Http://www.52ml.net/14623.html

Ngram model and perplexity in NLTK

Http://www.researchgate.net/publication/221484800_Improving_language_model_perplexity_and_recognition_accuracy_for_medical_dictations_via_within-domain_interpolation_with_literal_and_semi-literal_corpora

Investigating the relationship between language model perplexity and IR precision-recall measures.


Contact Us

The content source of this page is from Internet, which doesn't represent Alibaba Cloud's opinion; products and services mentioned on that page don't have any relationship with Alibaba Cloud.
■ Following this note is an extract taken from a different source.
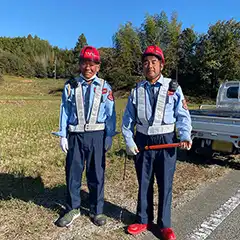 兵庫県宝塚市　工事現場　街路樹・草刈作業に伴う警備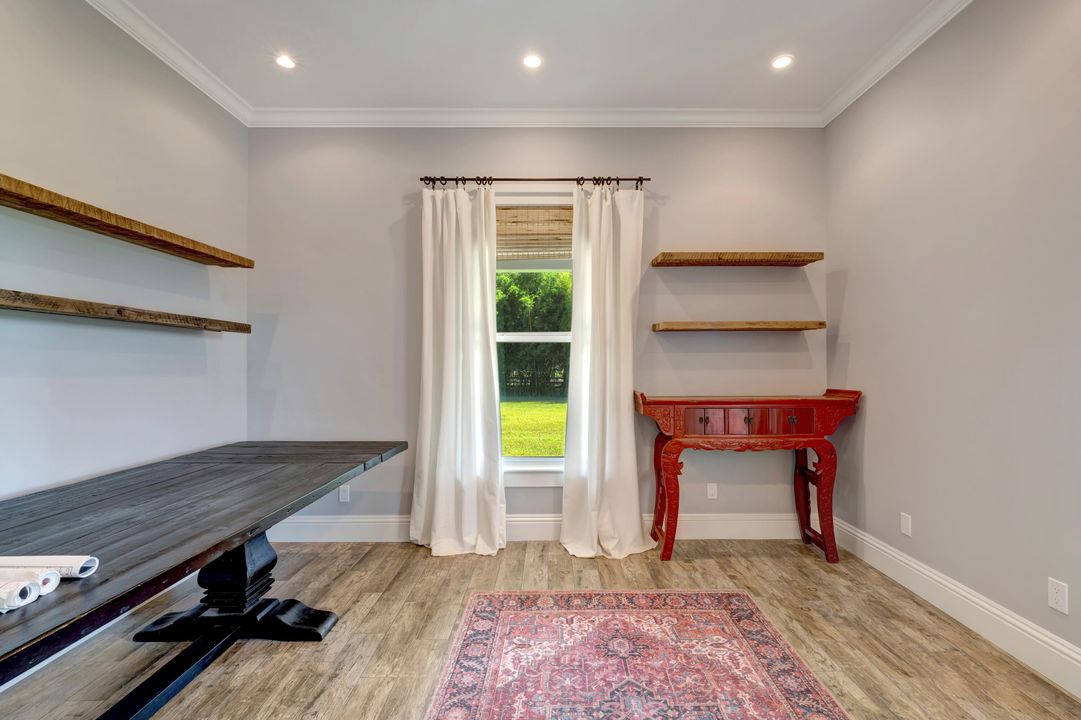 For Sale: $2,095,000 (4 beds, 3 baths, 4290 Square Feet)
If the content of the page makes you feel confusing, please write us an email, we will handle the problem within 5 days after receiving your email.

If you find any instances of plagiarism from the community, please send an email to: info-contact@alibabacloud.com and provide relevant evidence. A staff member will contact you within 5 working days.

A Free Trial That Lets You Build Big!

Start building with 50+ products and up to 12 months usage for Elastic Compute Service

  • Sales Support

    1 on 1 presale consultation

  • After-Sales Support

    24/7 Technical Support 6 Free Tickets per Quarter Faster Response

  • Alibaba Cloud offers highly flexible support services tailored to meet your exact needs.